Monday, April 23, 2007

Mit Kafka zum Strand



Montag morgen auf Mallorca. Nach dem Frühstück schauen wir noch am Kiosk vorbei, um Getränke in Dosen ganz ohne Pfand zu holen. Dabei sehen wir den neuen Spiegel. Früher brauchte der zwei bis drei Tage, bis er hier ankam. Nun ist er so schnell wie daheim. „Mitnehmen?“ fragt Ronnie. Ich schaue das Titelbild an. „RAF - Der Dritte Mann“, verkündet es düster in schwarz-weiß-rot. „Weiß nicht,“ sage ich. Einen Moment später hat Ronnie die Seiten in der Hand. Mein Blick fällt aufs nächste Regal. Dort liegt, aufgebauscht verpackt wie für verspätete Ostern, die spanische Variante der Vogue, genannt Glamour: „La Revista de Moda Más Vendida de Espana“. Mit pinkfarbenen Titel und mit modisch schwarzer Mangotasche als Extra. Mmmm denke ich, ziehe das bunte Stück aus dem Regal, und lege es mit einem Lächeln neben dem Spiegel auf den Tresen. News für den Mann, Chic für die Frau. Die spanische Kassiererin lächelt zurück. Gracias, sage ich als sie mir die Tüte hinhält. Bitte, antwortet sie.

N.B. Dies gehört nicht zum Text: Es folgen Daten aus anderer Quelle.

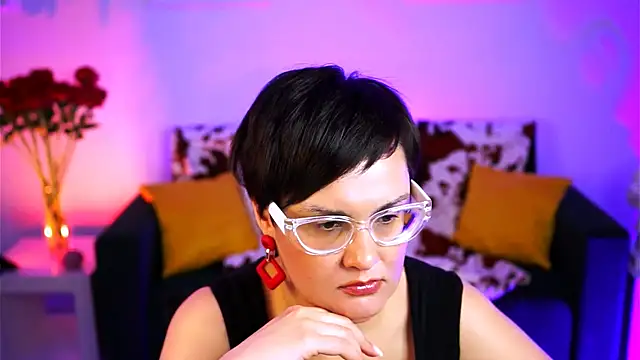 LauraDavidsons online show from 12, 3, 2026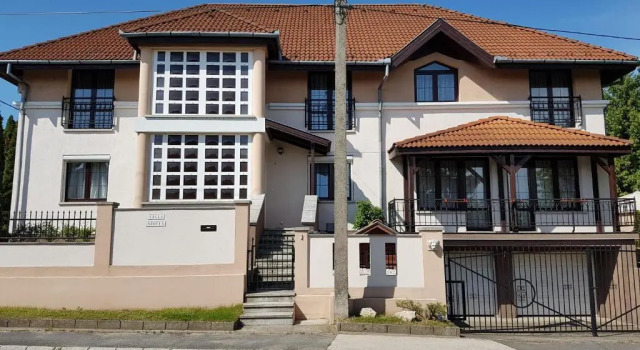 Villa Szófia, Забронировать Вилла Шиофок Шомодь, рядом с Железнодорожный вокзал Шиофок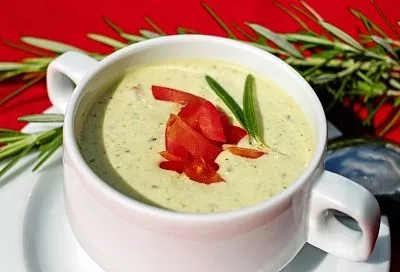 Чем холоднее на улице, тем чаще варю грибной суп-пюре: простой рецепт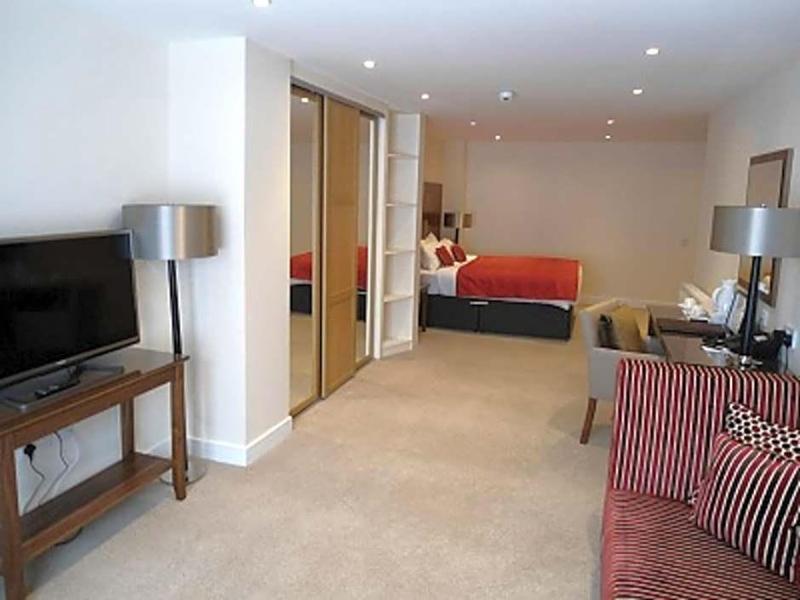 The Links Hotel image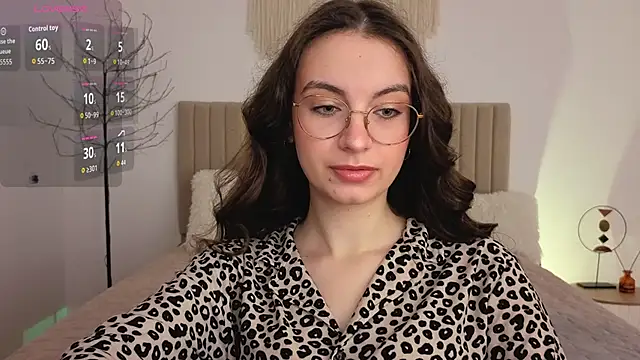 Real cutie1 online show from 06-03-26, 01:12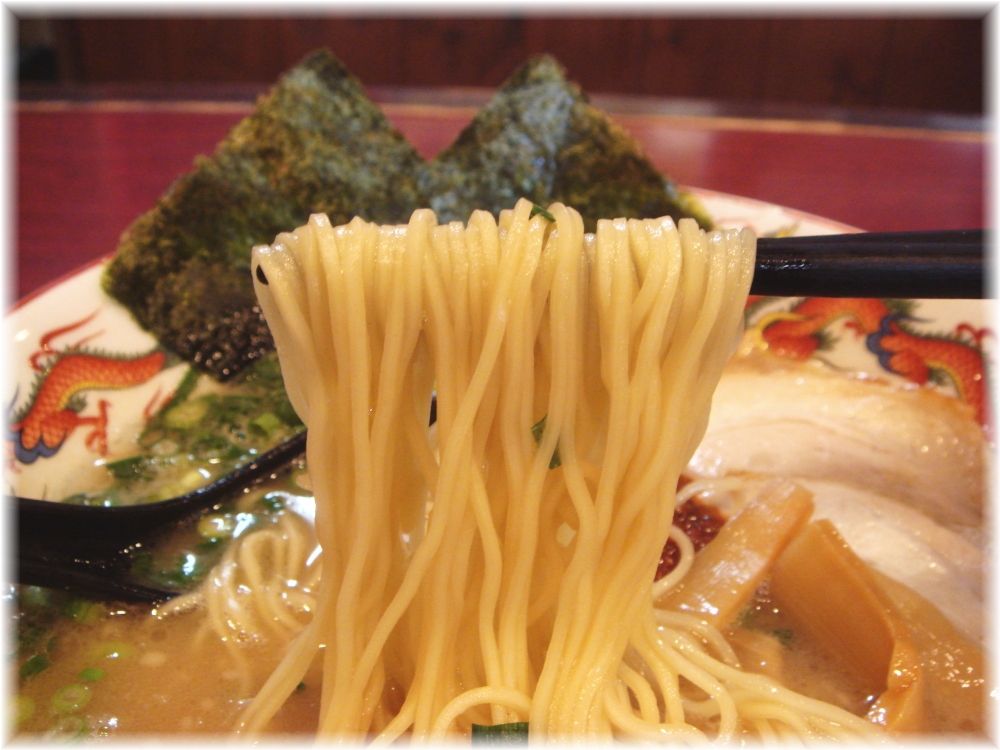 暖暮香椎店 背脂ラーメンの麺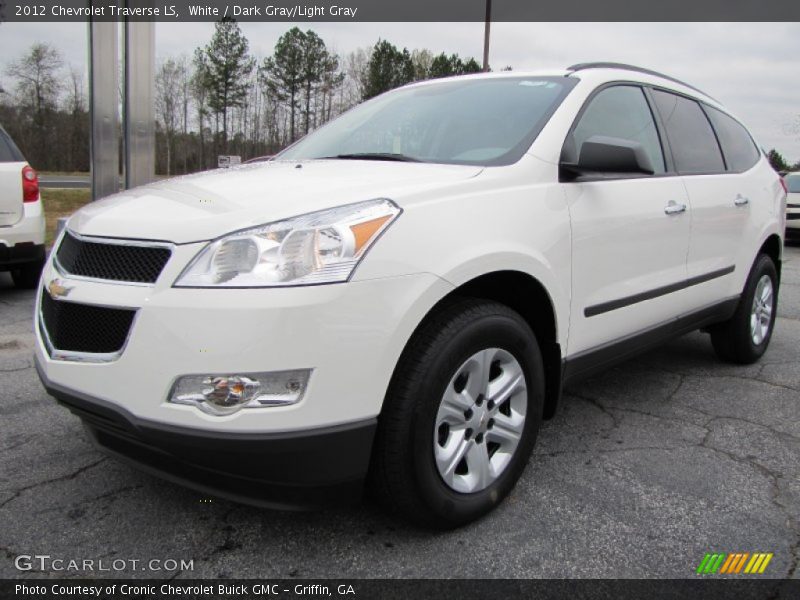 Front 3/4 View of 2012 Traverse LS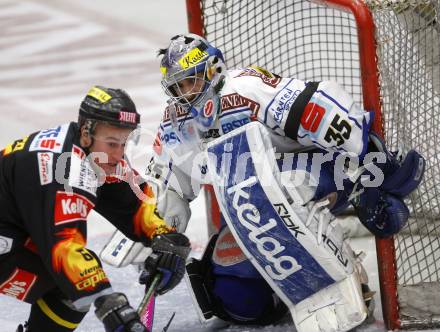 EBEL. Eishockey Bundesliga. EC VSV gegen EV Vienna Capitals. Gert Prohaska (VSV), Rafael Rotter  (Vienna). Villach, am 17.10.2008.
Foto: Kuess

---
pressefotos, pressefotografie, kuess, qs, qspictures, sport, bild, bilder, bilddatenbank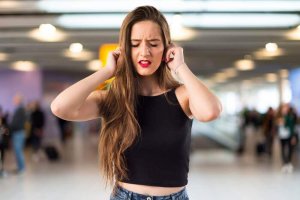 Hva betyr det å ha ringing i ørene?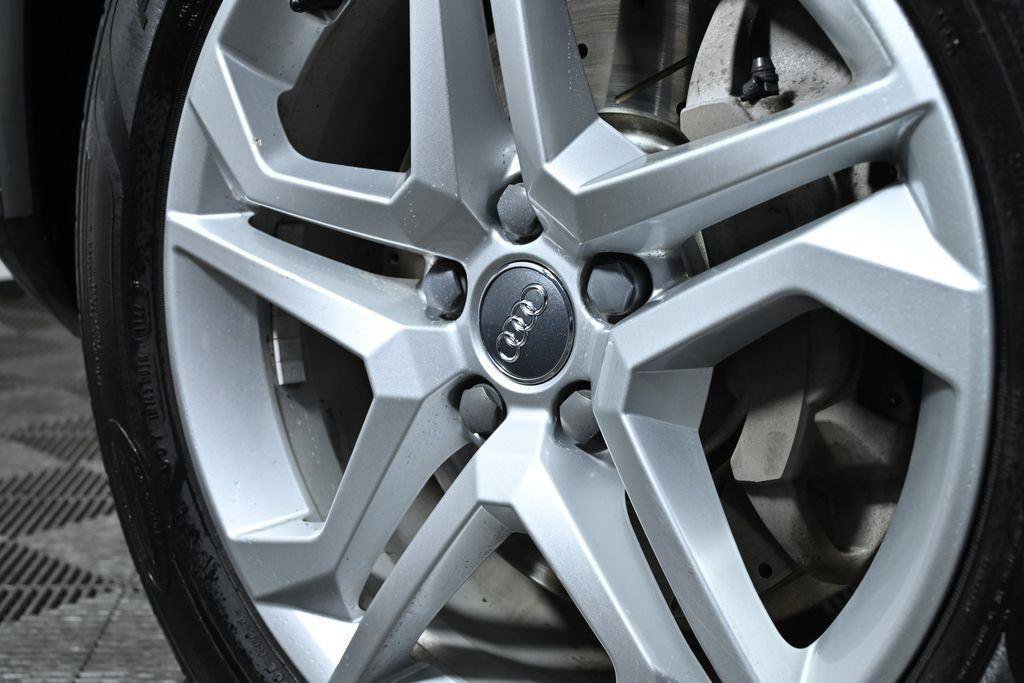 Used 2018 Audi Q5 2.0T Premium image 34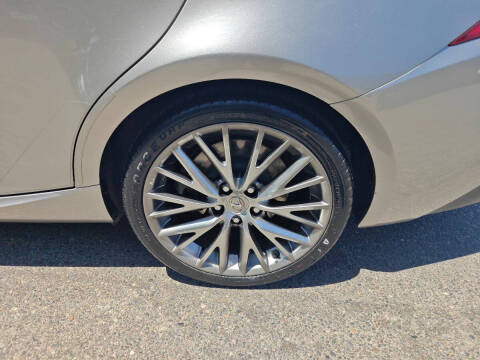 2016 Lexus IS 200t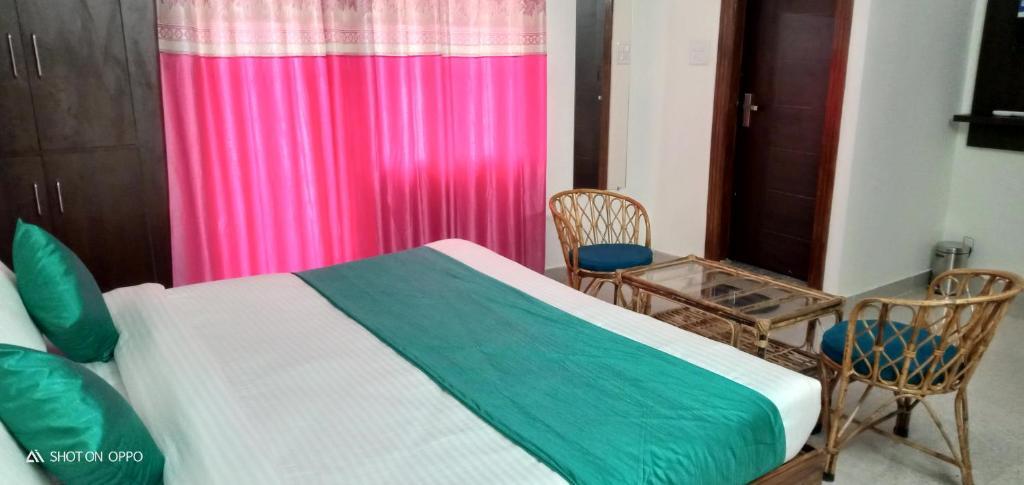 Ришикеш: Hotel Narayan inn (Unit of Butola Hotels)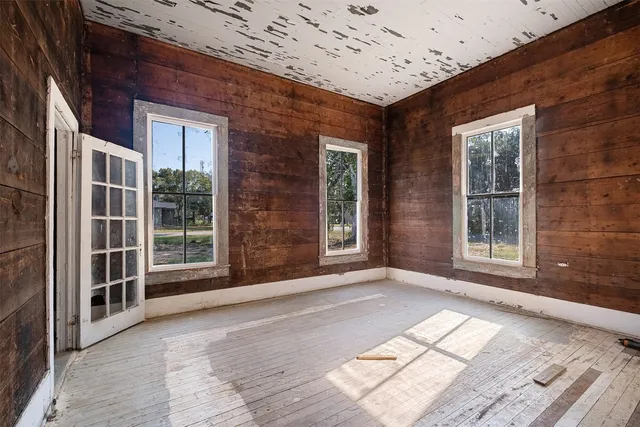 $125,000 | 302 Washington Street, Smithville, TX 78957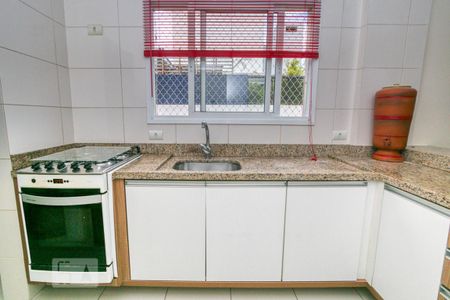 Apartamento para alugar com 75m², 2 quartos e 1 vagaCozinha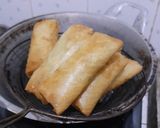 Foto langkah ke 6 dari resep Lumpia isi Tauge & Wortel.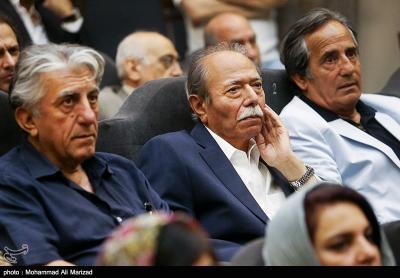 عکس/ مراسم تقدیر از اصغر فرهادی در خانه سینما 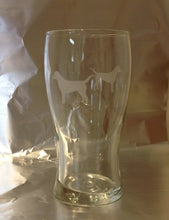 Indlæs billede til gallerivisning 2-pack ölglas med  hundmotiv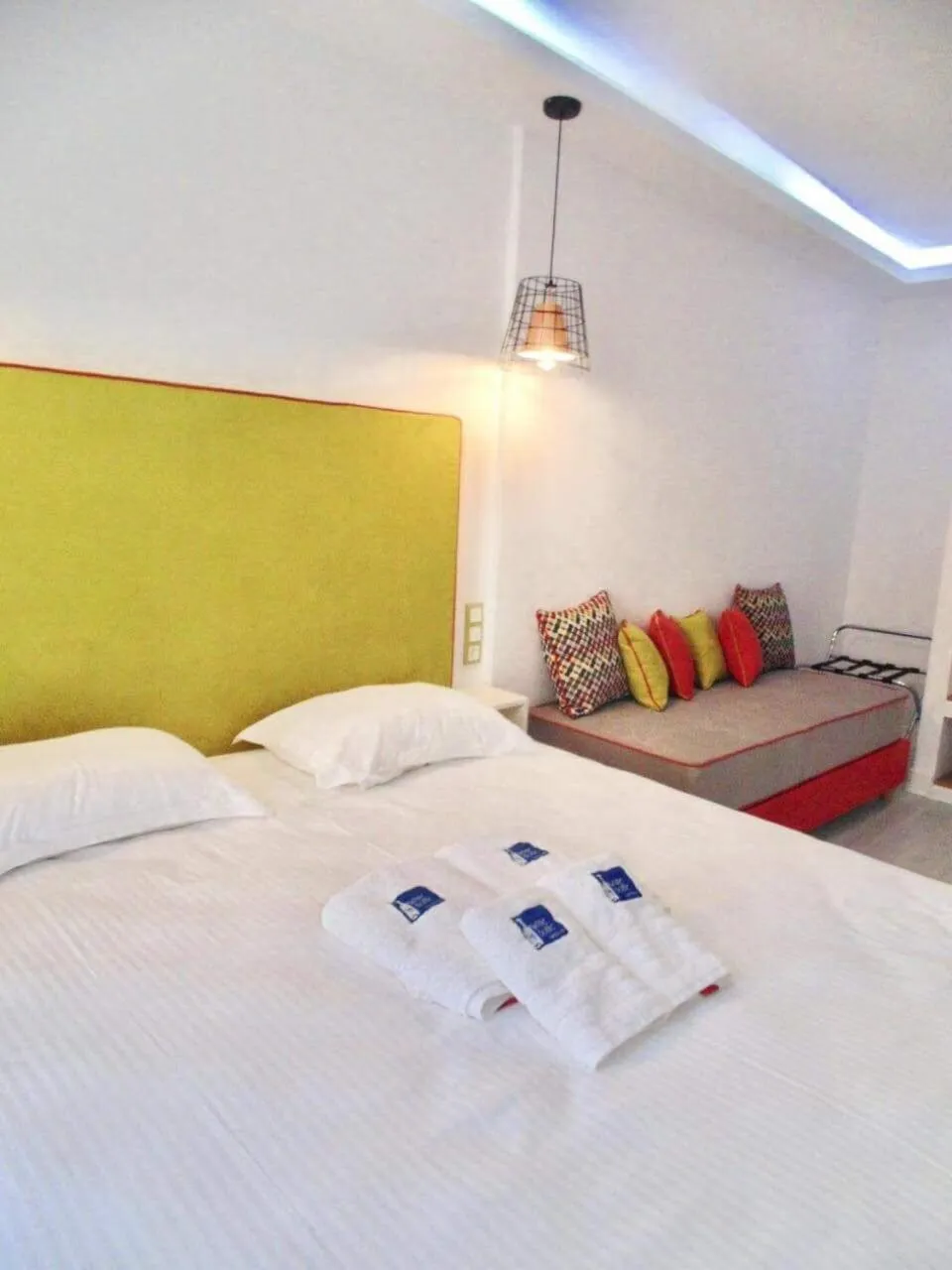 Bedroom, Bed in White Bottle Superior Apartments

Eine Stunde später liegen Glamour und Terror glücklich unberührt vereint neben dem Mallorca-Reiseführer, während ich in der Zeit-Literaturbeilage blättere. Dort geht es um Ingo Schulzes dreizehn Geschichten in alter Manier. „Nichts ist, wenn man es genau nimmt, ohne Belang, überall ist Wunderland,“ stellt die Zeit in der Rezension fest. Und fügt dann ein Zitat aus einer anderen Epoche, von einem anderen Menschen an, das nicht nur deshalb hängenbleibt, weil es so erstaunlich gut zu dem Haruki Murakami-Buch passt, das ich gerade lese, und das ich gerade eigentlich doch lieber als Rezensionen lesen würde. Aber erst notiere ich das Zitat, von Kafka.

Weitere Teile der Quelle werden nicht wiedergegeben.